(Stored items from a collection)
____________________
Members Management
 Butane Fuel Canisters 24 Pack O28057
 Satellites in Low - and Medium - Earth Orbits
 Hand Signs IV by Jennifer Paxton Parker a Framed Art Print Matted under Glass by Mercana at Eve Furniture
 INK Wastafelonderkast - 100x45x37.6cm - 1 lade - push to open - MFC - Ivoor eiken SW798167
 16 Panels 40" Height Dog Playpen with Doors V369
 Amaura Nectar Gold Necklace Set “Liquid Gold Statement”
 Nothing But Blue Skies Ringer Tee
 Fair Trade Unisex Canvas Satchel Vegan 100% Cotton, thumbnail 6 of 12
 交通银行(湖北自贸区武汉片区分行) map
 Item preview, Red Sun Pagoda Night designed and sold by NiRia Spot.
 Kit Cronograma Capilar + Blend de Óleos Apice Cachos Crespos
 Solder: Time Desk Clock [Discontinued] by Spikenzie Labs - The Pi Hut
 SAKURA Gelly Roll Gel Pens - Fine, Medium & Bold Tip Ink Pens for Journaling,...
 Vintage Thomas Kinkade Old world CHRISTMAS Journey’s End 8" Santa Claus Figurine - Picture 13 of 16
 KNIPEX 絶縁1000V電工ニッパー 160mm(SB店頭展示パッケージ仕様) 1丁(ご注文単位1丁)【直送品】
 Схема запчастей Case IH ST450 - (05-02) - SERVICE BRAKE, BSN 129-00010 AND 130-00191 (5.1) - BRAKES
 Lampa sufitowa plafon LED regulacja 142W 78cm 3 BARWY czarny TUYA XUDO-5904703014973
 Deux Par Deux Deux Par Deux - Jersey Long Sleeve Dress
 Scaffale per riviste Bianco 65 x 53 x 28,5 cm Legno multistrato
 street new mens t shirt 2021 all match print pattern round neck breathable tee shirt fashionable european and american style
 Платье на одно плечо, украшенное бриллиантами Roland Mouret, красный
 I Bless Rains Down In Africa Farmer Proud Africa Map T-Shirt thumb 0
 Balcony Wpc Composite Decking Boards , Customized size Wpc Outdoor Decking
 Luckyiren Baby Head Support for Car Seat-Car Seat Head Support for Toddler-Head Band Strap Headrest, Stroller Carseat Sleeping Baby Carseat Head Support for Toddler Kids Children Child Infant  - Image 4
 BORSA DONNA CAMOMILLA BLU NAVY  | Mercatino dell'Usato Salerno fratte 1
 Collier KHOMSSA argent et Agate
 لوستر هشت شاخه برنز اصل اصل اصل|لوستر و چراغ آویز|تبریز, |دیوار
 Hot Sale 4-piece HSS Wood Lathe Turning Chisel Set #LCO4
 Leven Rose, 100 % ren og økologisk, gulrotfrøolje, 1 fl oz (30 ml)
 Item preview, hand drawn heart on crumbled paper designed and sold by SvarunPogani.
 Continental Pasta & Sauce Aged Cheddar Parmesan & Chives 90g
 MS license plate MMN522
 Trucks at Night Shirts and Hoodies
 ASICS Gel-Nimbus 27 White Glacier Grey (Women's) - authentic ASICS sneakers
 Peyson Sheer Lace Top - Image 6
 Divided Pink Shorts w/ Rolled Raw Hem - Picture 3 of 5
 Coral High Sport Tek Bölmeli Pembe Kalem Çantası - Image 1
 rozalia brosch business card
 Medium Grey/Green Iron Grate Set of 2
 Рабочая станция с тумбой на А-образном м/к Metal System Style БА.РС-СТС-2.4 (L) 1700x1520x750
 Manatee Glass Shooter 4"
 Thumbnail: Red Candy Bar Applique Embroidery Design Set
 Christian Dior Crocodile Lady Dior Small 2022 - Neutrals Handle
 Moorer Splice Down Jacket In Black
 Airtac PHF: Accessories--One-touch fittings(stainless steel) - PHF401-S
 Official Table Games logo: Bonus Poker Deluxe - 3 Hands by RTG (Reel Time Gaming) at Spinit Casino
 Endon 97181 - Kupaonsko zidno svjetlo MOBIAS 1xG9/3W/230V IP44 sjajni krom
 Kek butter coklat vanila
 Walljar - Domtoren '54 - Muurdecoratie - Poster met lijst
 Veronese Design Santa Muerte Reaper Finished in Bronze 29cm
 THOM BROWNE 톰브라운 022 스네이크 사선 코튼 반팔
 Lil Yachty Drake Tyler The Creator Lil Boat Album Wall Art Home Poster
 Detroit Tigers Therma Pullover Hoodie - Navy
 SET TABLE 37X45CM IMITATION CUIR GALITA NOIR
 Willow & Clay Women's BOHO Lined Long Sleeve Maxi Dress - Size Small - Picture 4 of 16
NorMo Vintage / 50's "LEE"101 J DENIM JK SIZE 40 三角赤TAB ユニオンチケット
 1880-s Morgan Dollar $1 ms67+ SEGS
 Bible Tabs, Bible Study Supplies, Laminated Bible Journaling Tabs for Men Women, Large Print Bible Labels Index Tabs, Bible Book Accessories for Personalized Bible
____________________
→ What is needed
Please give all of the entries again, exactly as written.

→ Response box
Members Management
 Butane Fuel Canisters 24 Pack O28057
 Satellites in Low - and Medium - Earth Orbits
 Hand Signs IV by Jennifer Paxton Parker a Framed Art Print Matted under Glass by Mercana at Eve Furniture
 INK Wastafelonderkast - 100x45x37.6cm - 1 lade - push to open - MFC - Ivoor eiken SW798167
 16 Panels 40" Height Dog Playpen with Doors V369
 Amaura Nectar Gold Necklace Set “Liquid Gold Statement”
 Nothing But Blue Skies Ringer Tee
 Fair Trade Unisex Canvas Satchel Vegan 100% Cotton, thumbnail 6 of 12
 交通银行(湖北自贸区武汉片区分行) map
 Item preview, Red Sun Pagoda Night designed and sold by NiRia Spot.
 Kit Cronograma Capilar + Blend de Óleos Apice Cachos Crespos
 Solder: Time Desk Clock [Discontinued] by Spikenzie Labs - The Pi Hut
 SAKURA Gelly Roll Gel Pens - Fine, Medium & Bold Tip Ink Pens for Journaling,...
 Vintage Thomas Kinkade Old world CHRISTMAS Journey’s End 8" Santa Claus Figurine - Picture 13 of 16
 KNIPEX 絶縁1000V電工ニッパー 160mm(SB店頭展示パッケージ仕様) 1丁(ご注文単位1丁)【直送品】
 Схема запчастей Case IH ST450 - (05-02) - SERVICE BRAKE, BSN 129-00010 AND 130-00191 (5.1) - BRAKES
 Lampa sufitowa plafon LED regulacja 142W 78cm 3 BARWY czarny TUYA XUDO-5904703014973
 Deux Par Deux Deux Par Deux - Jersey Long Sleeve Dress
 Scaffale per riviste Bianco 65 x 53 x 28,5 cm Legno multistrato
 street new mens t shirt 2021 all match print pattern round neck breathable tee shirt fashionable european and american style
 Платье на одно плечо, украшенное бриллиантами Roland Mouret, красный
 I Bless Rains Down In Africa Farmer Proud Africa Map T-Shirt thumb 0
 Balcony Wpc Composite Decking Boards , Customized size Wpc Outdoor Decking
 Luckyiren Baby Head Support for Car Seat-Car Seat Head Support for Toddler-Head Band Strap Headrest, Stroller Carseat Sleeping Baby Carseat Head Support for Toddler Kids Children Child Infant  - Image 4
 BORSA DONNA CAMOMILLA BLU NAVY  | Mercatino dell'Usato Salerno fratte 1
 Collier KHOMSSA argent et Agate
 لوستر هشت شاخه برنز اصل اصل اصل|لوستر و چراغ آویز|تبریز, |دیوار
 Hot Sale 4-piece HSS Wood Lathe Turning Chisel Set #LCO4
 Leven Rose, 100 % ren og økologisk, gulrotfrøolje, 1 fl oz (30 ml)
 Item preview, hand drawn heart on crumbled paper designed and sold by SvarunPogani.
 Continental Pasta & Sauce Aged Cheddar Parmesan & Chives 90g
 MS license plate MMN522
 Trucks at Night Shirts and Hoodies
 ASICS Gel-Nimbus 27 White Glacier Grey (Women's) - authentic ASICS sneakers
 Peyson Sheer Lace Top - Image 6
 Divided Pink Shorts w/ Rolled Raw Hem - Picture 3 of 5
 Coral High Sport Tek Bölmeli Pembe Kalem Çantası - Image 1
 rozalia brosch business card
 Medium Grey/Green Iron Grate Set of 2
 Рабочая станция с тумбой на А-образном м/к Metal System Style БА.РС-СТС-2.4 (L) 1700x1520x750
 Manatee Glass Shooter 4"
 Thumbnail: Red Candy Bar Applique Embroidery Design Set
 Christian Dior Crocodile Lady Dior Small 2022 - Neutrals Handle
 Moorer Splice Down Jacket In Black
 Airtac PHF: Accessories--One-touch fittings(stainless steel) - PHF401-S
 Official Table Games logo: Bonus Poker Deluxe - 3 Hands by RTG (Reel Time Gaming) at Spinit Casino
 Endon 97181 - Kupaonsko zidno svjetlo MOBIAS 1xG9/3W/230V IP44 sjajni krom
 Kek butter coklat vanila
 Walljar - Domtoren '54 - Muurdecoratie - Poster met lijst
 Veronese Design Santa Muerte Reaper Finished in Bronze 29cm
 THOM BROWNE 톰브라운 022 스네이크 사선 코튼 반팔
 Lil Yachty Drake Tyler The Creator Lil Boat Album Wall Art Home Poster
 Detroit Tigers Therma Pullover Hoodie - Navy
 SET TABLE 37X45CM IMITATION CUIR GALITA NOIR
 Willow & Clay Women's BOHO Lined Long Sleeve Maxi Dress - Size Small - Picture 4 of 16
NorMo Vintage / 50's "LEE"101 J DENIM JK SIZE 40 三角赤TAB ユニオンチケット
 1880-s Morgan Dollar $1 ms67+ SEGS
 Bible Tabs, Bible Study Supplies, Laminated Bible Journaling Tabs for Men Women, Large Print Bible Labels Index Tabs, Bible Book Accessories for Personalized Bible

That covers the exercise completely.